他的兩位長輩都覺得商成的做法有點莫名其妙。王義尚長沙公主,會有什麽危險?是的,這件事的始作俑者是成都王。或許成都王陳瑾覺得,他出來替王義保媒,王義就會感激他,濟南王與王義之間就會生出隔閡,這可能麽?王義與濟南王陳璜是打斷骨頭都連著筋的姑表弟兄,豈是成都王些許的小伎倆就能挑撥得了的?在這種足以決定王家未來幾十年的大事麵前,這種小恩小惠根本不可能動搖王家的立場!就是成都王拋出來的骨頭上鮮肉足夠多,王家人也必須仔細斟酌其中的利害,認真地考慮成都王將來會不會使出“狡兔死走狗烹”的手段。

顯然,不管成都王使出什麽手段拉攏,王家的立場都很難動搖。
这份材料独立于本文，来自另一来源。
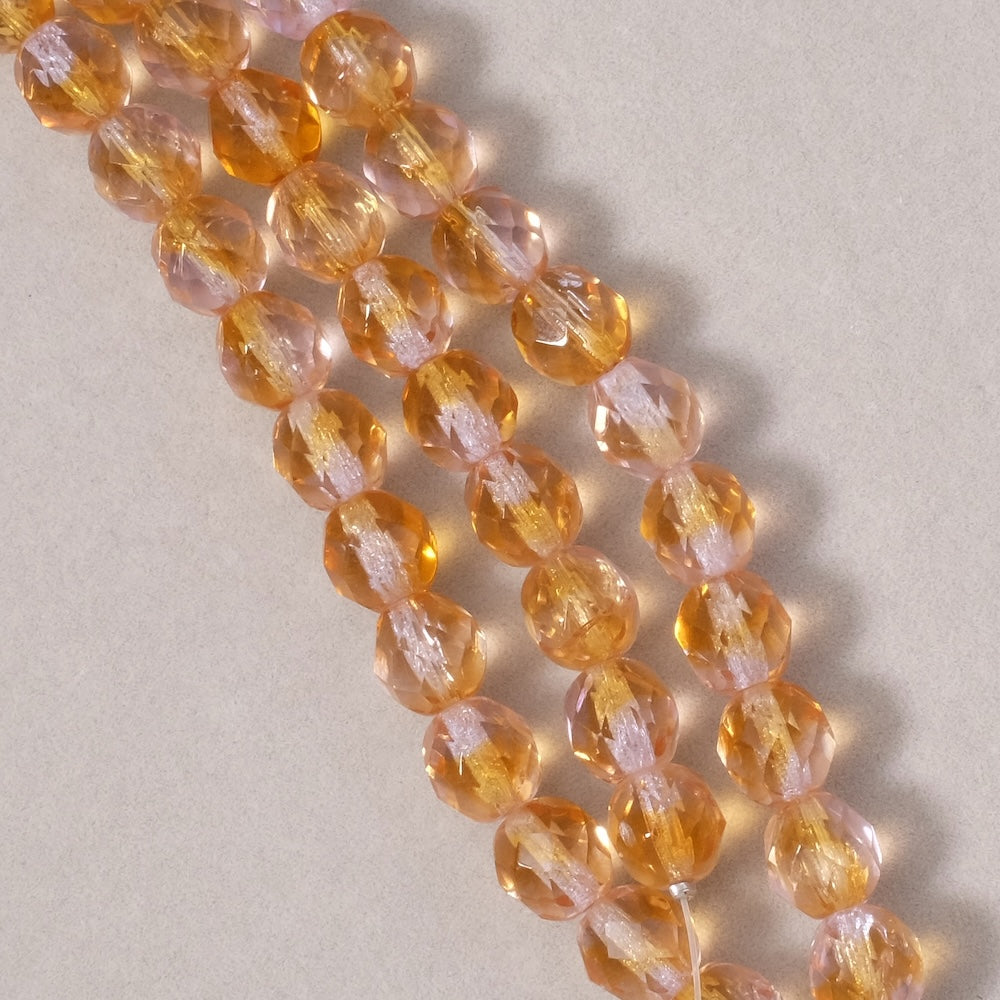 Fil de perles de Bohème rondes facettées 8mm orange clair et transparent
也許成都王自己都很明白這一點,之所以還要替王義保媒,不過是做個試探罷了。可是,既然這是個連成都王都懂的道理,象商燕山這樣的厲害人物,就更不可能看不透徹一一那他為什麽還要警告王義,而且還是用那麽嚴厲的口吻再三地警告?

兩個老謀深算的柱國大將軍絞盡了腦汁,把商成的前後幾番話反反複複地拿出來斟酌參詳,就是看不出其中到底包藏著怎樣的奧妙玄機。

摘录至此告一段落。